═══ Data under study ═══
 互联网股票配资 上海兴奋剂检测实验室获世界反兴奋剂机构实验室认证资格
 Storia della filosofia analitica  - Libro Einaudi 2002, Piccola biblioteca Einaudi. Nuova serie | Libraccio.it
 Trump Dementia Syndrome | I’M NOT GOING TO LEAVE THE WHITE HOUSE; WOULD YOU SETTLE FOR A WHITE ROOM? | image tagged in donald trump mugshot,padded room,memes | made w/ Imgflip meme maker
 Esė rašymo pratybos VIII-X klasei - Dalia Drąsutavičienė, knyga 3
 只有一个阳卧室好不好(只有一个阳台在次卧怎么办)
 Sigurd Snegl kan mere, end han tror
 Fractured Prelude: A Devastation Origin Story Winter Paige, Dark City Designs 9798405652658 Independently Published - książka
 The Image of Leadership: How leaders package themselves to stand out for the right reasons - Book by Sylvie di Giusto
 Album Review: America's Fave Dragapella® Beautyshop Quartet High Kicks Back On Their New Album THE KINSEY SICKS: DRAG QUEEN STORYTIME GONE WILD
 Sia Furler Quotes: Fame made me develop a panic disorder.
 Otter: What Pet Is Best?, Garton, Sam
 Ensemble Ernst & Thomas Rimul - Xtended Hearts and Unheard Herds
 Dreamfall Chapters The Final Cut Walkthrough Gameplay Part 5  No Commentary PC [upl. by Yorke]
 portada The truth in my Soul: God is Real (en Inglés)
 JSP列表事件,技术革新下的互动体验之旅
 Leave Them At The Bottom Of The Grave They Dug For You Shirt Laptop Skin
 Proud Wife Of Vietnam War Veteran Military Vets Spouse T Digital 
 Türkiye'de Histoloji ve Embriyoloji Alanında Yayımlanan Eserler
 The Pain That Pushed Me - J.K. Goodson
═══
Directions for this task => Using the listing above, show each line with the word "made" in it.

Exercise output =>
 Trump Dementia Syndrome | I’M NOT GOING TO LEAVE THE WHITE HOUSE; WOULD YOU SETTLE FOR A WHITE ROOM? | image tagged in donald trump mugshot,padded room,memes | made w/ Imgflip meme maker
 Sia Furler Quotes: Fame made me develop a panic disorder.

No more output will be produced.